Starting at the line below with "The Prophet Is" and stopping at the line with "73 Progress Ave", please print each line exactly, those two included, and skip every picture.

Crawled caption data:
== Segment start ==

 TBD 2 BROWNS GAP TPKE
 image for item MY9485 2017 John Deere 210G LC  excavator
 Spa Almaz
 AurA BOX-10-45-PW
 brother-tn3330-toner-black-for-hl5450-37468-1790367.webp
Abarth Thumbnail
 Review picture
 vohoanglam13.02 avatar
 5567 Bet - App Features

== Segment end ==
== Segment start ==

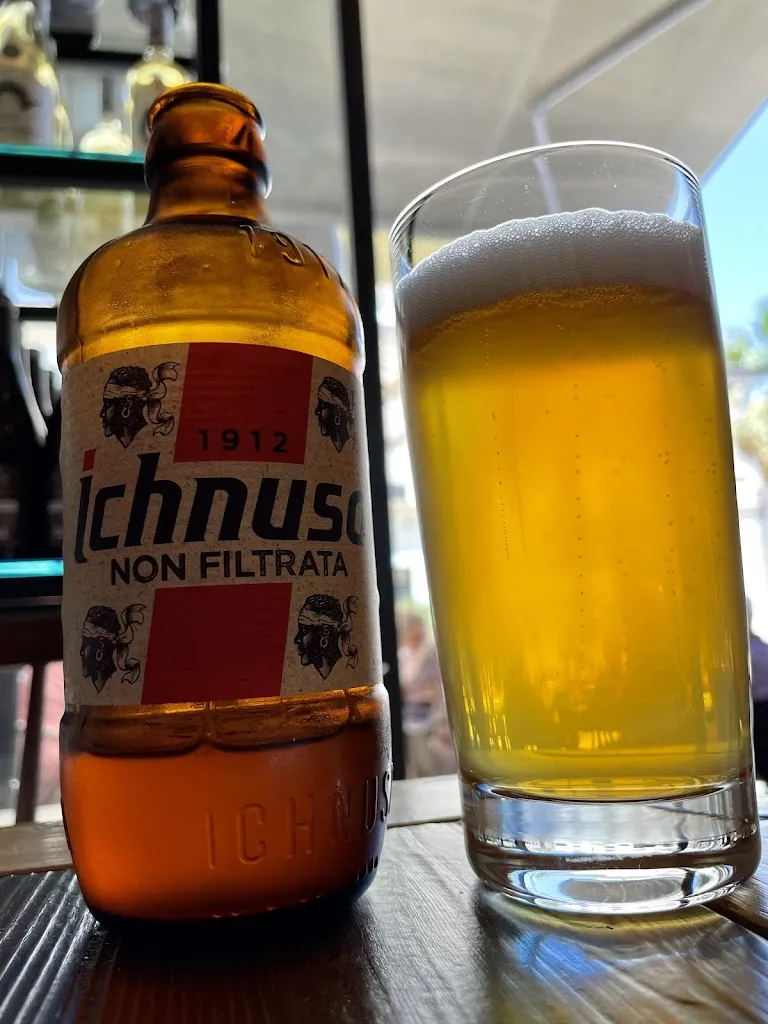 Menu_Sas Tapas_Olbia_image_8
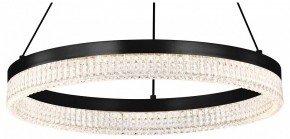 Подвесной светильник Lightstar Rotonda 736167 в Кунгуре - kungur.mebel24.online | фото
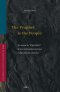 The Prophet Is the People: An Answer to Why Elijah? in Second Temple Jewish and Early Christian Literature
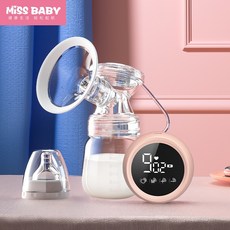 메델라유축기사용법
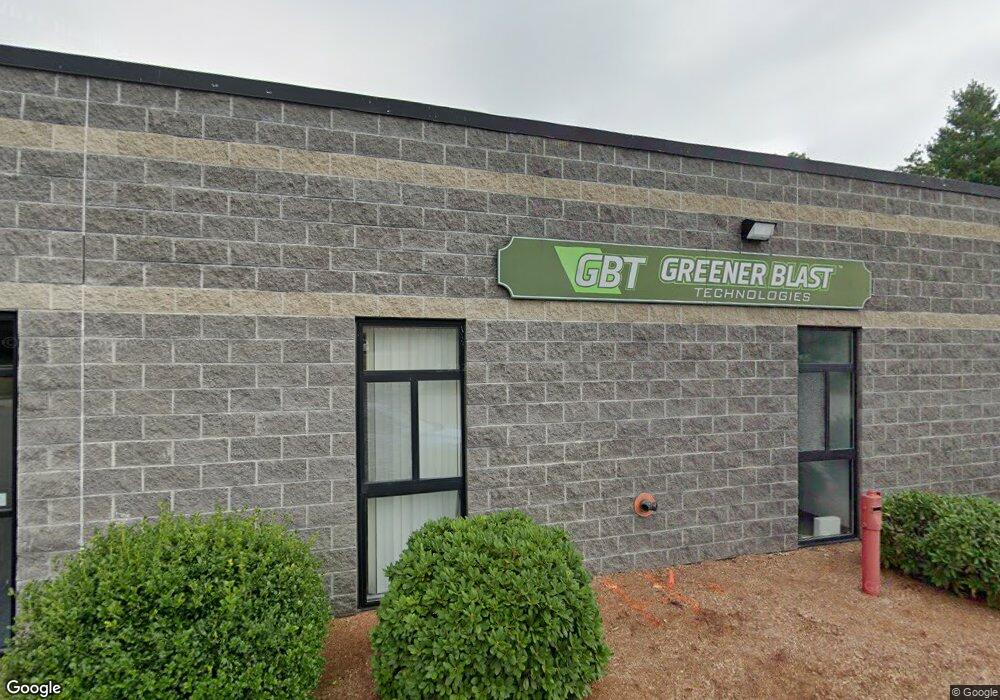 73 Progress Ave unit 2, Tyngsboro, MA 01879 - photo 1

== Segment end ==

* Written reply
 The Prophet Is the People: An Answer to Why Elijah? in Second Temple Jewish and Early Christian Literature
 메델라유축기사용법
 73 Progress Ave unit 2, Tyngsboro, MA 01879 - photo 1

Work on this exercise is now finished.